Message-ID: <4D8B732F.8020404@panasas.com>
Date: Thu, 24 Mar 2011 18:37:03 +0200
From: Benny Halevy <bhalevy@panasas.com>
To: "William A. (Andy) Adamson" <androsadamson@gmail.com>
CC: Fred Isaman <iisaman@netapp.com>,
        Trond Myklebust <Trond.Myklebust@netapp.com>,
        NFS list <linux-nfs@vger.kernel.org>
Subject: Re: [PATCH 11/12] NFSv4.1: layoutcommit
References: <AANLkTinBuLxDq5zrxC=-0fS_md5CXTQAS_POsKA9issP@mail.gmail.com>
In-Reply-To: <AANLkTinBuLxDq5zrxC=-0fS_md5CXTQAS_POsKA9issP@mail.gmail.com>
Content-Type: text/plain; charset=ISO-8859-1
Sender: linux-nfs-owner@vger.kernel.org
MIME-Version: 1.0

On 2011-03-24 15:57, William A. (Andy) Adamson wrote:
>>> Only whole file layout support means that there is only one IOMODE_RW layout
>>> segment.
>>>
>>> Signed-off-by: Andy Adamson <andros@netapp.com>
>>> Signed-off-by: Alexandros Batsakis <batsakis@netapp.com>
>>> Signed-off-by: Boaz Harrosh <bharrosh@panasas.com>
>>> Signed-off-by: Dean Hildebrand <dhildeb@us.ibm.com>
>>> Signed-off-by: Fred Isaman <iisaman@citi.umich.edu>
>>> Signed-off-by: Mingyang Guo <guomingyang@nrchpc.ac.cn>
>>> Signed-off-by: Tao Guo <guotao@nrchpc.ac.cn>
>>> Signed-off-by: Zhang Jingwang <zhangjingwang@nrchpc.ac.cn>
>>> Tested-by: Boaz Harrosh <bharrosh@panasas.com>
>>> Signed-off-by: Benny Halevy <bhalevy@panasas.com>
>>
>> The code in this patch is new and different enough from the one I/we
>> signed-off originally that they don't make sense here.
> 
> Hi Benny
> 
> OK with me
> 
>>>
>>> +             /* references matched in nfs4_layoutcommit_release */
>>> +             wdata->lseg->pls_lc_cred =
>>> +                     get_rpccred(wdata->args.context->state->owner->so_cred);
>>> +             mark_inode_dirty_sync(wdata->inode);
>>> +             dprintk("%s: Set layoutcommit for inode %lu ",
>>> +                     __func__, wdata->inode->i_ino);
>>> +     }
>>> +     if (end_pos > wdata->lseg->pls_end_pos)
>>> +             wdata->lseg->pls_end_pos = end_pos;
>>
>> The end_pos is essentially per inode, why maintain it per lseg?
>> How do you see this working with multiple lsegs in mind?
> 
> The end-pos is per lseg, not per inode - each layoutcommit applies to
> a range of WRITES for a layoutsegment over the LAYOUTCOMMIT range.
> 
> From Section 18.42.3
> .  The byte-range being committed is
>    specified through the byte-range (loca_offset and loca_length).  This
>    byte-range MUST overlap with one or more existing layouts previously
>    granted via LAYOUTGET
> 
> 
>    Also, loca_last_write_offset MUST overlap the range
>    described by loca_offset and loca_length.
> 
> For the multiple lseg case: if the lsegs are merged, bookeeping
> end_pos per lseg just works.

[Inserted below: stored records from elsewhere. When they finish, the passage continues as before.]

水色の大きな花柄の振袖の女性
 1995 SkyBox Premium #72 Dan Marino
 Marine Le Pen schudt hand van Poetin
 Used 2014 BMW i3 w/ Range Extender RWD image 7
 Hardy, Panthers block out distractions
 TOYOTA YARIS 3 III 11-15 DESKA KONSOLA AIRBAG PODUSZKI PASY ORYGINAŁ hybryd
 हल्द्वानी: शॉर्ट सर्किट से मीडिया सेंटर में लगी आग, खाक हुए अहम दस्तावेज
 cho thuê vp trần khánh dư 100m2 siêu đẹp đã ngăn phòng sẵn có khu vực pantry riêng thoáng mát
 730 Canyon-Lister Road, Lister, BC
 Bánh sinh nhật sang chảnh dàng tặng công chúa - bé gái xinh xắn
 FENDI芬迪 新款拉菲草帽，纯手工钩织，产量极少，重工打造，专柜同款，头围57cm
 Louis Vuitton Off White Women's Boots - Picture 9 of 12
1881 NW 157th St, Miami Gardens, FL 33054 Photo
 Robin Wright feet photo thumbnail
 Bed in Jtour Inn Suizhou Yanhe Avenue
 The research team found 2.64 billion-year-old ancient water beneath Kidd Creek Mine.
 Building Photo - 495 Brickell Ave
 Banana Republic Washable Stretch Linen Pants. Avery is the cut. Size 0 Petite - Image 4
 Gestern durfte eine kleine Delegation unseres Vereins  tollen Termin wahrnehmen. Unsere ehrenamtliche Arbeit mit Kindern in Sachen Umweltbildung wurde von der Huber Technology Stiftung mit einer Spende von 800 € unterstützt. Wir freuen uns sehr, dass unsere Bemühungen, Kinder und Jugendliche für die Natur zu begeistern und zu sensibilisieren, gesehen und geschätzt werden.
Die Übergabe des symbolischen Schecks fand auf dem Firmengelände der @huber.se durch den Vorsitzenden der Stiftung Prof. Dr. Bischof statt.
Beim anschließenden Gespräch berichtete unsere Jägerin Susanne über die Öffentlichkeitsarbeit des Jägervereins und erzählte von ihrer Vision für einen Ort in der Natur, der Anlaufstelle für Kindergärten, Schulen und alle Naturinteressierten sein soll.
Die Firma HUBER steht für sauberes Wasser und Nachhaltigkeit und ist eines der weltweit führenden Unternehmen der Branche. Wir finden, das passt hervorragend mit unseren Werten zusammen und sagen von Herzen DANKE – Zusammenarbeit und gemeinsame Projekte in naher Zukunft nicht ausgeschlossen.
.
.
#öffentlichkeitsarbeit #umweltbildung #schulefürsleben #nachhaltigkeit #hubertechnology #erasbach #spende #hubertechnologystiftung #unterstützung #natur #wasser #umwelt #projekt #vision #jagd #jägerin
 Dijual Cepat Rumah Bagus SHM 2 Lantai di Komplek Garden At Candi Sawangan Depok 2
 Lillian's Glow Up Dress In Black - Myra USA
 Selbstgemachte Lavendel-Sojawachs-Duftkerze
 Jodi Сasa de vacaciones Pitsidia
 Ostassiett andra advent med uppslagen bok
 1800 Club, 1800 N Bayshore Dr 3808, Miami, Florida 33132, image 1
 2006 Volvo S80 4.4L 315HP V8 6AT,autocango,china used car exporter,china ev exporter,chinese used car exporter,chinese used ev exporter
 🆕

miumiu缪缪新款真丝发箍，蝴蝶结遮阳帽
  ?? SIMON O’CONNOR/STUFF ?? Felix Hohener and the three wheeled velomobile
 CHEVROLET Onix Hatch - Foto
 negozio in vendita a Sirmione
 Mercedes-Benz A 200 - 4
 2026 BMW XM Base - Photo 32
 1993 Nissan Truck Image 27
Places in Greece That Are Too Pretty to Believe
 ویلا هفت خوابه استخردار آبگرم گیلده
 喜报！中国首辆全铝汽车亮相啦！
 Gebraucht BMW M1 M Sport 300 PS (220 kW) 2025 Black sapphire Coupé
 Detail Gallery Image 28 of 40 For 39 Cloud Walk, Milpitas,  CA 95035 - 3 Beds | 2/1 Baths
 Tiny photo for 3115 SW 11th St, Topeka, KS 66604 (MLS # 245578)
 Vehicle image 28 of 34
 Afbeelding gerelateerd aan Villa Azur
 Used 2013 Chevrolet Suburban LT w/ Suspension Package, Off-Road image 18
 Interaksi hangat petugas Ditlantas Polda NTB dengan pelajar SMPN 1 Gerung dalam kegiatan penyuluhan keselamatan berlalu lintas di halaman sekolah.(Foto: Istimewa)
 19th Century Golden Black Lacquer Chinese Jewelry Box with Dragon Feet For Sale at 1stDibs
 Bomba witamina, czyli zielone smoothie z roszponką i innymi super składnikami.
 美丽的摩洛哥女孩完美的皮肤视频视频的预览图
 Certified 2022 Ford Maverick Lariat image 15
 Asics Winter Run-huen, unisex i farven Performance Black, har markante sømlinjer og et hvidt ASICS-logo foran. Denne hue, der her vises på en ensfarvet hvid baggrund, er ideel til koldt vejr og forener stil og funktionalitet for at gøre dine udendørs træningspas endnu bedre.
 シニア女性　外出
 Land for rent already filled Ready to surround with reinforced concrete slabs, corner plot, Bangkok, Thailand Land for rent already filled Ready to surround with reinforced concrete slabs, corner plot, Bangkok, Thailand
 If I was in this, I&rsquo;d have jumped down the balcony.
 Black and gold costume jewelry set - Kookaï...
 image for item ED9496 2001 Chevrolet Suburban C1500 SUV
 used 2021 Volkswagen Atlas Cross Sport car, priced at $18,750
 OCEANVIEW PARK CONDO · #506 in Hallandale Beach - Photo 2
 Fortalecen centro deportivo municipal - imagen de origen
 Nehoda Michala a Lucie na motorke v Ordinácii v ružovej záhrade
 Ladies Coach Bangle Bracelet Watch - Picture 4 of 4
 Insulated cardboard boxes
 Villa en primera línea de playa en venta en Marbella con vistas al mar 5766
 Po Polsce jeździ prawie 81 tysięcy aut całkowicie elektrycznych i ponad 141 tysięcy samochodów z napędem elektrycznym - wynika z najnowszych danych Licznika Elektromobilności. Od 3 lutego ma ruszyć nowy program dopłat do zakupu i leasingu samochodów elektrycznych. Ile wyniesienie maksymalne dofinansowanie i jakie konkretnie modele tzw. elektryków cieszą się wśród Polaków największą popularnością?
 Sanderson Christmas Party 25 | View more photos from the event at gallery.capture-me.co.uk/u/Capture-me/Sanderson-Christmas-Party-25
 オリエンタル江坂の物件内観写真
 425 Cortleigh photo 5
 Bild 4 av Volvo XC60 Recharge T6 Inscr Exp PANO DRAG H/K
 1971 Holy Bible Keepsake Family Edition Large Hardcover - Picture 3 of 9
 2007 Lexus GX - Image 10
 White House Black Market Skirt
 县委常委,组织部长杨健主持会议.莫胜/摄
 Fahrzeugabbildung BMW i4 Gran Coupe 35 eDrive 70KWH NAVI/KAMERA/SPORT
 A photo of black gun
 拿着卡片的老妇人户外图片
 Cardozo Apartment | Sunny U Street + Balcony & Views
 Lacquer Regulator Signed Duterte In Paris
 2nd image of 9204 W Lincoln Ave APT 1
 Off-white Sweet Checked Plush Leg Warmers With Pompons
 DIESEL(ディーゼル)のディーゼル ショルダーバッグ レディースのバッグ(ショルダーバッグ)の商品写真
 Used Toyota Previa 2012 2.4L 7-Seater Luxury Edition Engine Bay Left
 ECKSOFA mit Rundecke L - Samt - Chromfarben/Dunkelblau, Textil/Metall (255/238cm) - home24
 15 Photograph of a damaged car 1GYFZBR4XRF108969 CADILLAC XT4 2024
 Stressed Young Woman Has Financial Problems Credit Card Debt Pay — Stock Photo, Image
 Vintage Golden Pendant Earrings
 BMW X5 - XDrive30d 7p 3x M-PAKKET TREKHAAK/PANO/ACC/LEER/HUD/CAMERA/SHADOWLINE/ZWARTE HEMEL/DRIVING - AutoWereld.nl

If a layoutdriver does not use merged
> lsegs, then there is a bit of work to do to walk the list of lsegs and
> determine the final end_pos for a given LAYOUTCOMMIT.  If there are
> multiple non-contiguous lsegs, each used for WRITEs then multiple
> LAYOUTCOMMITs will need to be sent, otherwise the LAYOUTCOMMIT
> byte-range will not overlap as required.
> 

For the current layout types I believe that the LAYOUTCOMMIT can "merge"
multiple layout segments into a single LAYOUTCOMMIT, with a byte range
covering all segments and a last_byte_written offset which is just the maximum.
Future layout types may need this method though...

Benny

>>> +pnfs_layoutcommit_inode(struct inode *inode, int sync)
>>
>> "bool sync" makes more sense
> 
>>> +{
>>> +     struct nfs4_layoutcommit_data *data;
>>> +     struct nfs_inode *nfsi = NFS_I(inode);
>>> +     struct pnfs_layout_segment *lseg;
>>> +     struct rpc_cred *cred;
>>> +     loff_t end_pos;
>>> +     int status = 0;
>>> +
>>> +     dprintk("--> %s inode %lu\n", __func__, inode->i_ino);
>>> +
>>> +     /* Note kzalloc ensures data->res.seq_res.sr_slot == NULL */
>>> +     data = kzalloc(sizeof(*data), GFP_NOFS);
>>> +     spin_lock(&inode->i_lock);
>>> +
>>> +     if (!test_and_clear_bit(NFS_INO_LAYOUTCOMMIT, &nfsi->flags)) {
>>
>> previously (i.e. in the linux-pnfs tree :) this function is called only
>> if layoutcommit_needed(), now I worry may waste a kzalloc too frequently.
>> I suggest testing (and not clearing) NFS_INO_LAYOUTCOMMIT before doing
>> the allocation to prevent that.
> 
> Agreed.
> 
>>> +     end_pos = lseg->pls_end_pos;
>>> +     cred = lseg->pls_lc_cred;
>>> +     lseg->pls_end_pos = 0;
>>> +     lseg->pls_lc_cred = NULL;
>>> +
>>> +     if (!data) {
>>
>> eh?
>> why not test this before test_and_clear_bit(NFS_INO_LAYOUTCOMMIT ?
> 
> Because we should clear the LAYOUTCOMMIT needed information from the inode.
> The LAYOUTCOMMIT for the file layout is an optimization. If the client
> can't alloc the required buffer, the compound just won't be sent.
> 
> -->Andy